What is an Interledger transaction, and how do I send money?

Terminology

  • Interledger payment - A transfer of value from a sender to receiver. A payment may cross currencies, such that the sender sends, for example, USD and the receiver receives BTC. Payments may be split into multiple Interledger Packets and sent through one or more Connectors.
  • Interledger packet - A standardized data format that describes the transfer of a discrete amount of value, for example $0.10. Interledger is a request/response protocol so the sender initiates a transfer with an ILP Prepare packet and the request is either successful and returns an ILP Fulfill packet or errors and returns an ILP Reject packet.
  • Connector - An intermediary node forwards Interledger packets and converts currencies. The Interledger network is made up of connections between independent connectors. Note that connections between senders, connectors, and receivers are established before any individual payment is made and those connections are assumed to be longer-lived rather than ad-hoc.

Payment Flow

  1. Setup - The sender initiates a payment using a setup protocol such as the Simple Payment Setup Protocol (SPSP). This allows the sender and receiver to communicate the information they need for the rest of the steps.
  2. "Quoting" - (Optional) The sender can determine the path exchange rate by sending test packets to the receiver (see this thread for more details).
  3. Prepare - The sender sends an ILP Prepare packet to a connector they are connected to.
  4. Forwarding - The connector uses the ILP Address from the ILP Prepare packet to determine where to forward the packet to.
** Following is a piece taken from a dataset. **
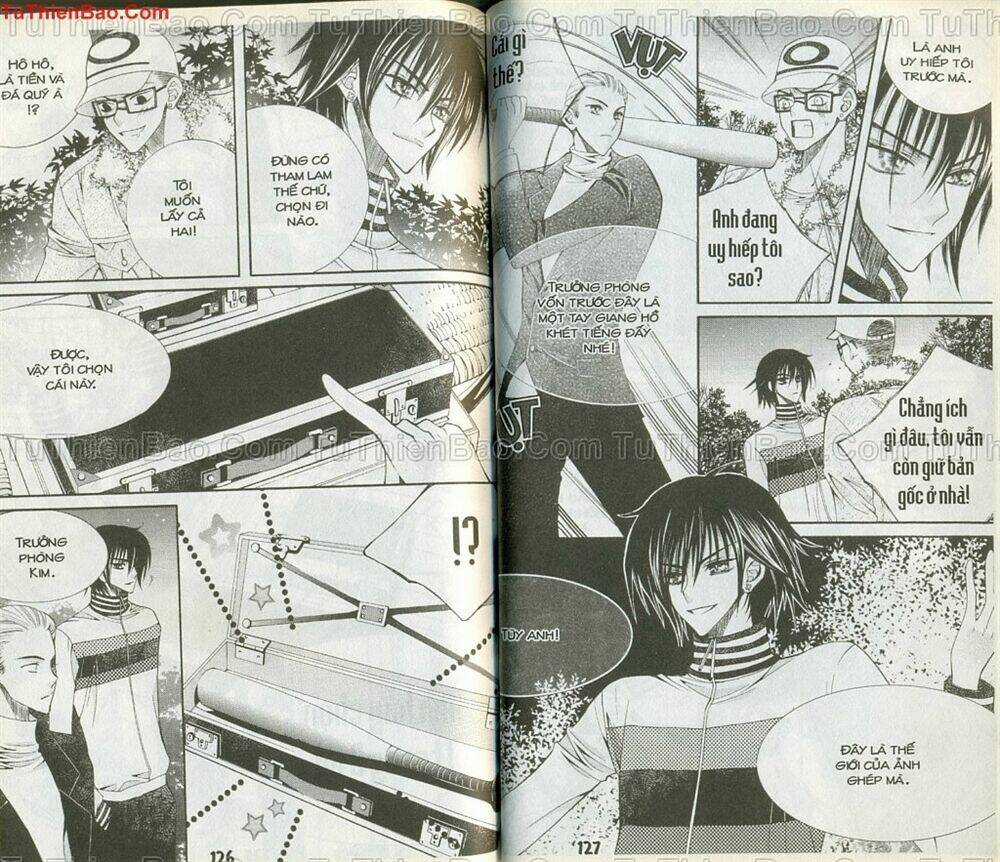 Dự Án Siêu Sao - Chapter 4 - Trang 64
Each of the connector’s relationships is denominated in a specific currency, so it knows the asset type of the incoming Prepare packet based on which sender it got the packet from. The connector determines the outgoing asset type based on the next connector it will forward the packet to. The connector applies its exchange rate (and optional spread) to the incoming Prepare amount to determine the outgoing Prepare amount, and the connector forwards the packet. Each successive connector repeats this step.
  5. Receiving - When the ILP Prepare packet arrives at the receiver, they determine whether they want to accept the incoming money based on aspects like the amount that arrived in the packet. To accept the money, the receiver returns an ILP Fulfill packet that proves to all other parties in the path that the packet got to the correct receiver. To reject the money, the receiver would instead return an ILP Reject packet.
  6. "Forwarding" Back - The Fulfill or Reject packet is relayed back to each connector that forwarded the initial Prepare packet
  7. Sending More - When the sender gets the Fulfill packet, they know that the Prepare packet was successfully delivered to the receiver. The sender continues to send Prepare packets until they have sent the amount they want to the receiver.
  8. Bilateral Settlement - Each time an ILP Prepare packet is sent between peers and a Fulfill packet is returned, a debt or obligation to pay is created between those directly connected parties. Depending on the terms of each bilateral relationship, these debts can be very small (less than cents or less than the cost of opening a payment channel) or larger. Peers can settle every second (if their settlement method supports it), every month, or whenever they hit a certain limit – this is decided on a bilateral basis. If settlement occurs very frequently, as with a payment channel, two peers may alternate sending ILP packets and payment channel updates/claims (creating micro-obligations and immediately settling them).

Does that help? Let me know if you think I missed any important details or left open more questions than I answered.